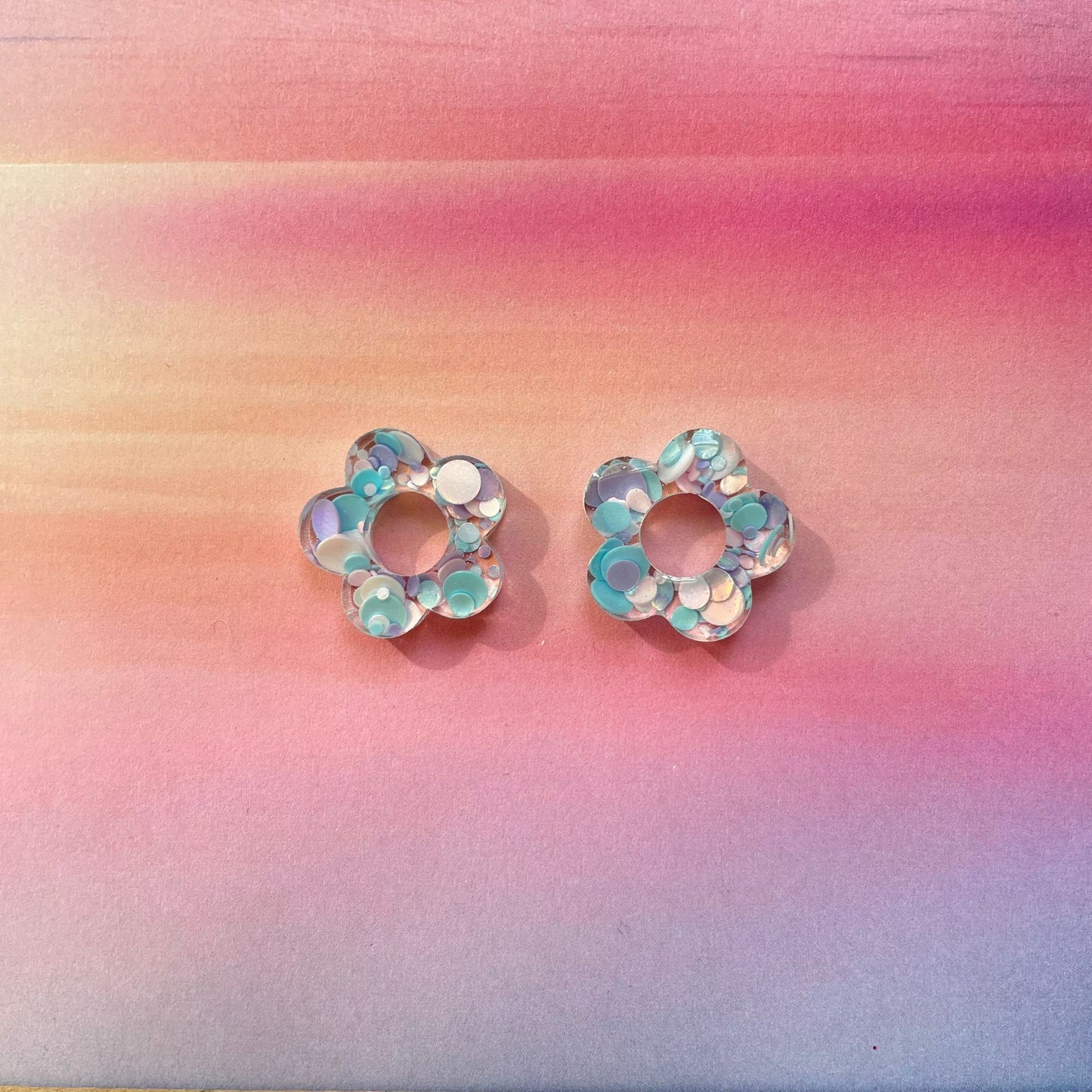 bijoux boucles d'oreilles créoles doré argenté or argent fleur résine paillettes tendance interchangeable bleu rose multicolore vert jaune noir blanc turquoise fuchsia pastel orange rouge 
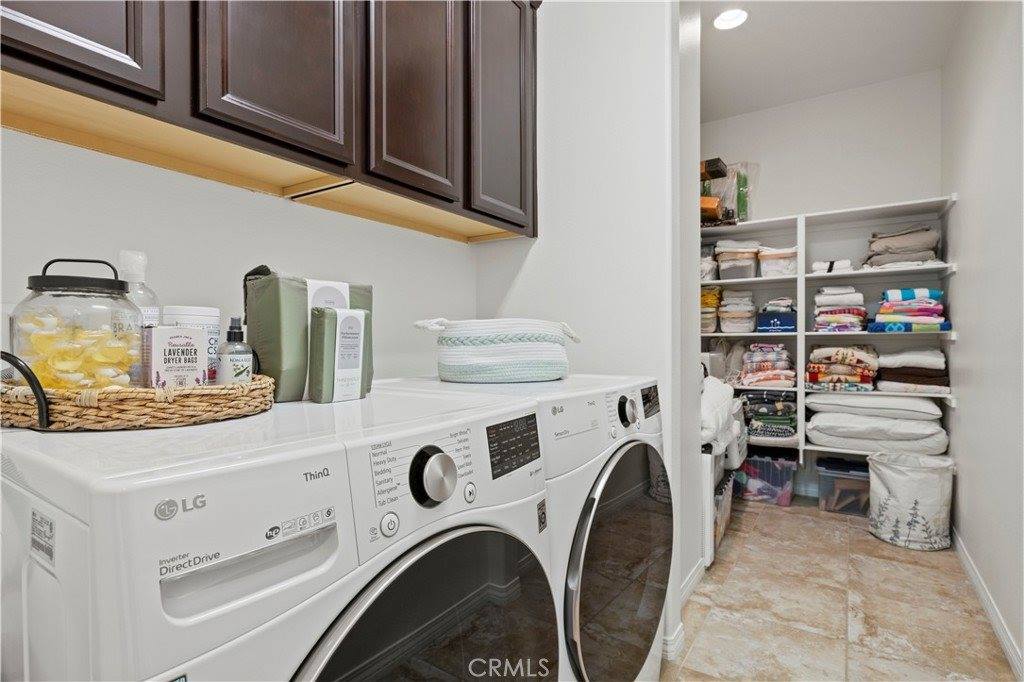 28384 Vista Del Rio, Valencia, CA 91354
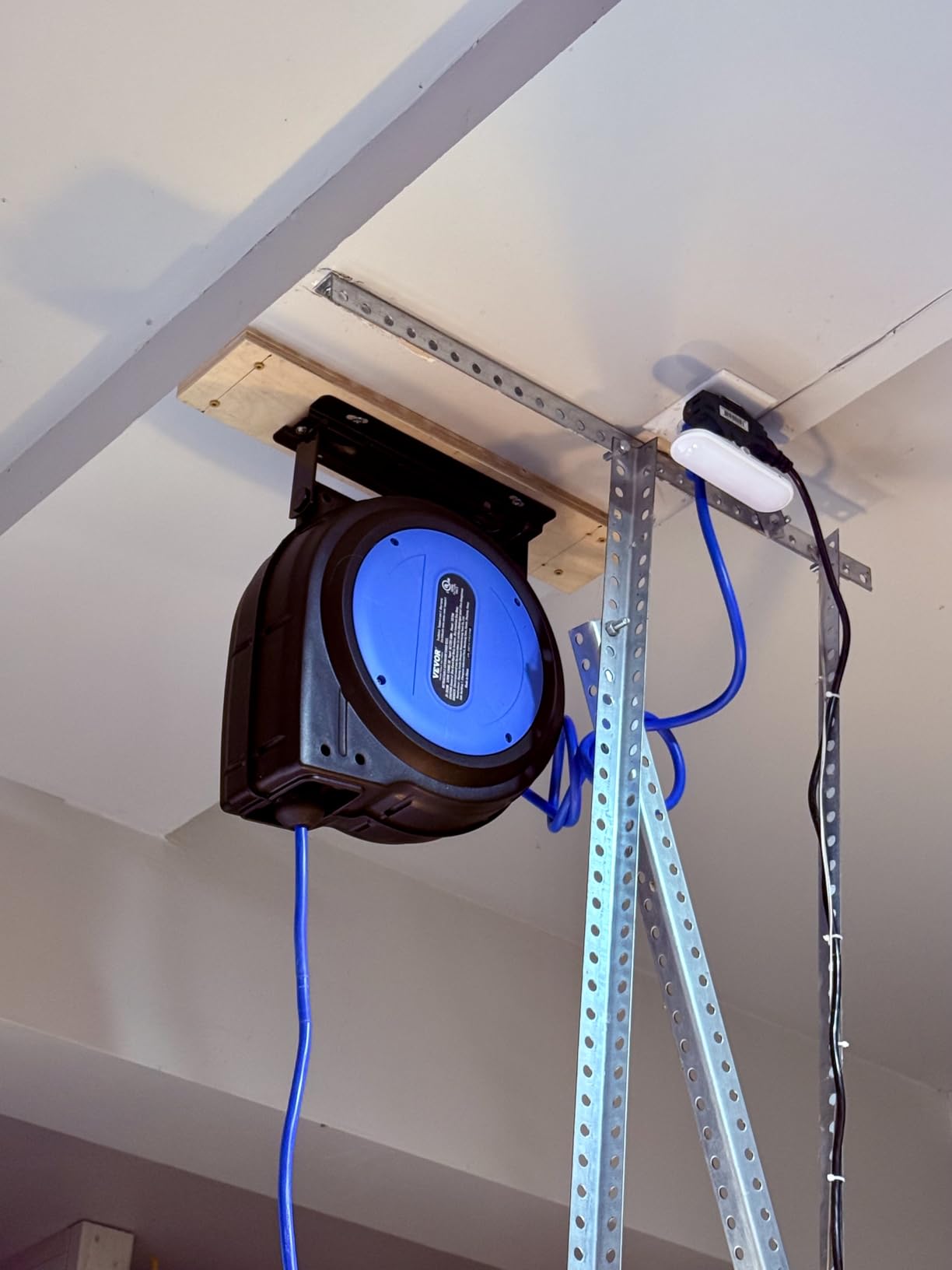 VEVOR 65FT Retractable Extension Cord Reel, Heavy Duty 12AWG/3C SJTOW Cord customer photo 1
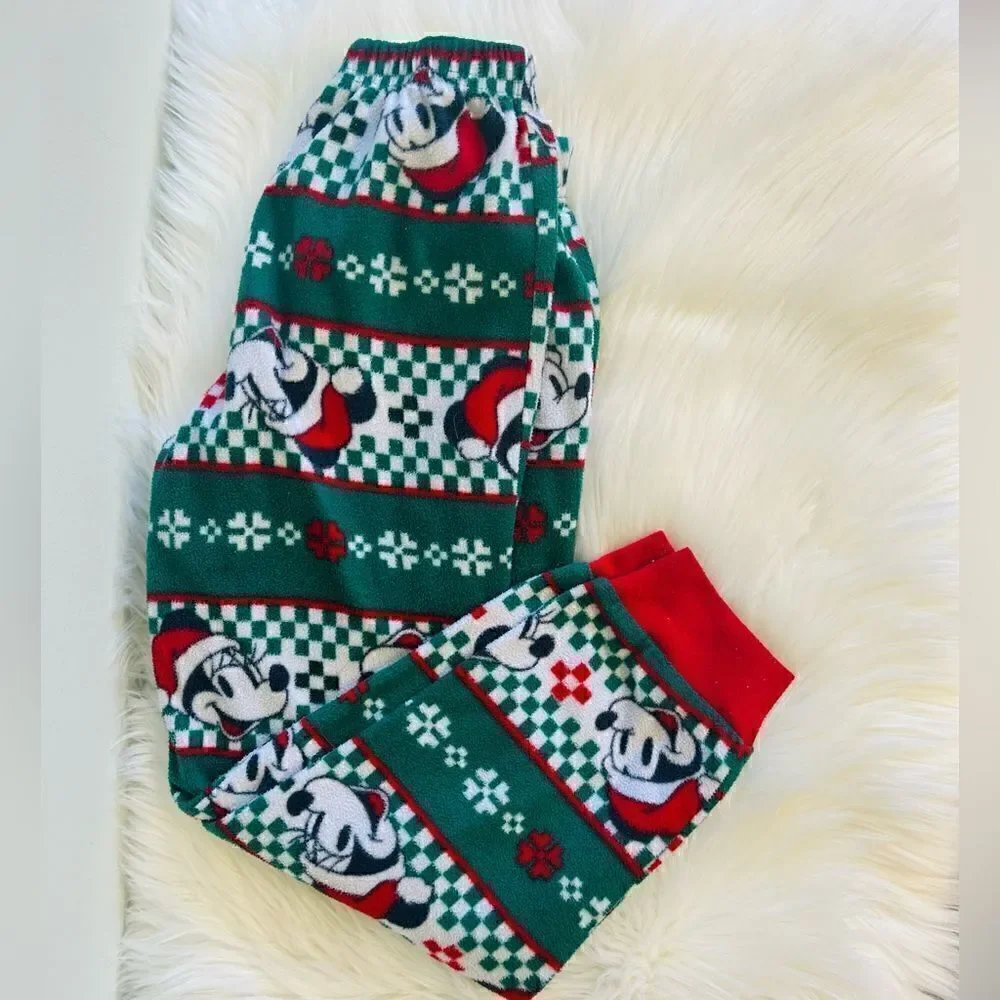 Disney Christmas Mickey Mouse pajamas! 🎄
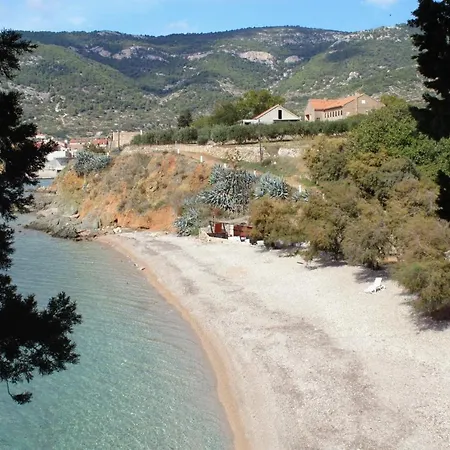 Сasa de vacaciones Seaside House Komiza, Vis - 3469 *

Your assignment -> Should a record include a picture, omit it from your copy and return the rest unchanged.

Response area ->
 bijoux boucles d'oreilles créoles doré argenté or argent fleur résine paillettes tendance interchangeable bleu rose multicolore vert jaune noir blanc turquoise fuchsia pastel orange rouge 
 28384 Vista Del Rio, Valencia, CA 91354
 VEVOR 65FT Retractable Extension Cord Reel, Heavy Duty 12AWG/3C SJTOW Cord customer photo 1
 Disney Christmas Mickey Mouse pajamas! 🎄
 Сasa de vacaciones Seaside House Komiza, Vis - 3469 *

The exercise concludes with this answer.